YOUR GOAL: Below is a listing; print exactly its lines from the one containing "Rare Nebula Gold Betta Fish" down to the one containing "Best Commercial Roofing", both inclusive, with every picture left out.

EXCERPTED RECORDS:
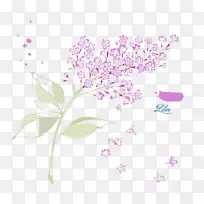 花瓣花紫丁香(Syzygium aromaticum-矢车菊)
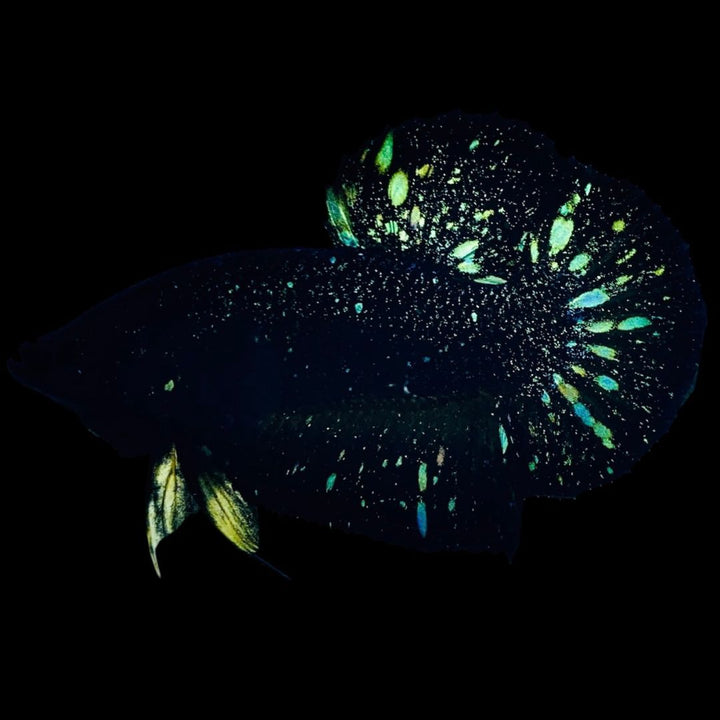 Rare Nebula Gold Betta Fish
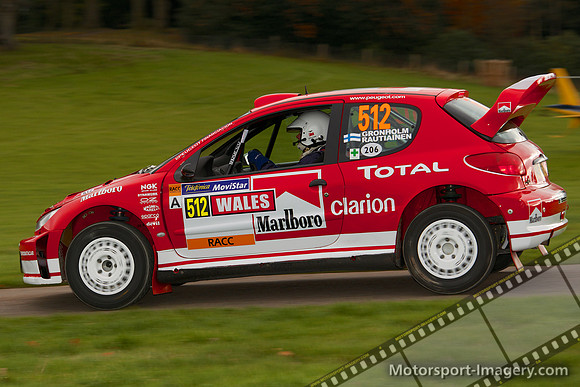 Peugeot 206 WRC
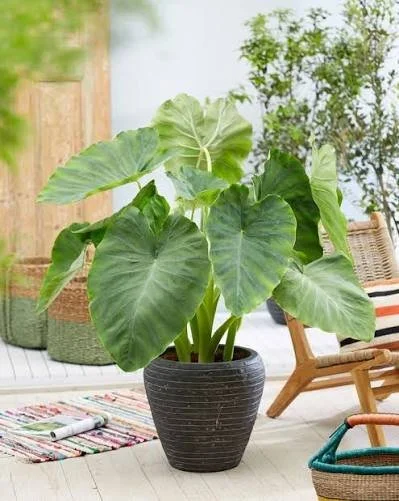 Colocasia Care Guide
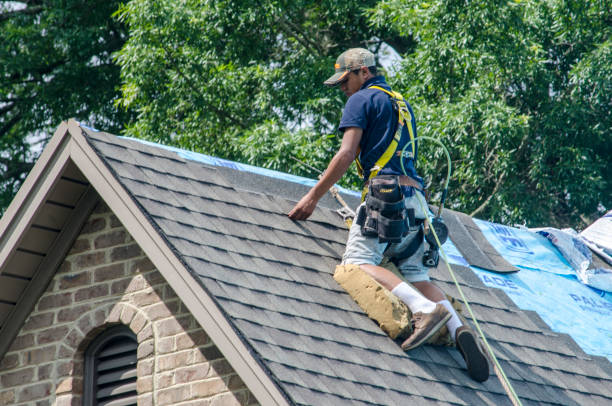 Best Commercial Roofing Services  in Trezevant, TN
==
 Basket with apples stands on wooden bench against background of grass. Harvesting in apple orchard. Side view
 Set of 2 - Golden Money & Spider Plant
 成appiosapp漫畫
...
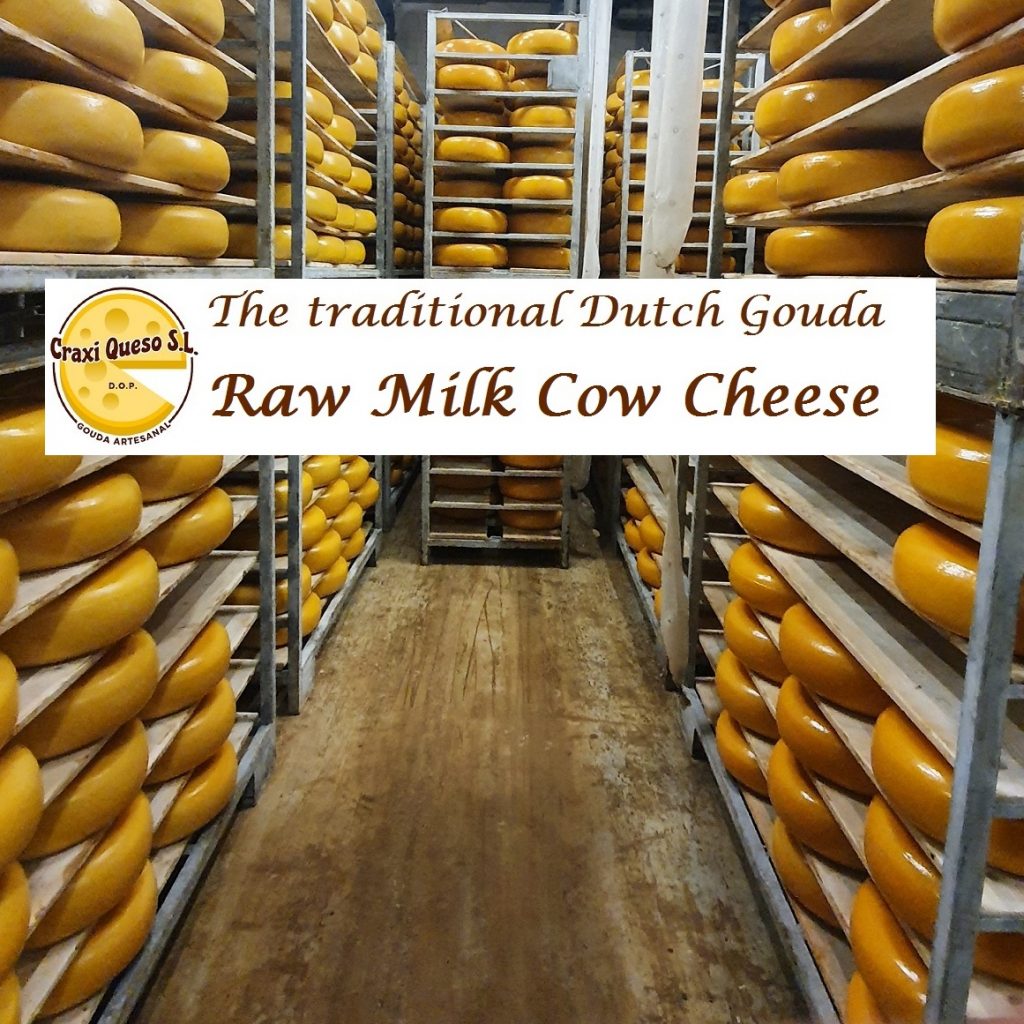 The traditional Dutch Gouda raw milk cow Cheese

ANSWER SECTION:
 Rare Nebula Gold Betta Fish
 Peugeot 206 WRC
 Colocasia Care Guide
 Best Commercial Roofing Services  in Trezevant, TN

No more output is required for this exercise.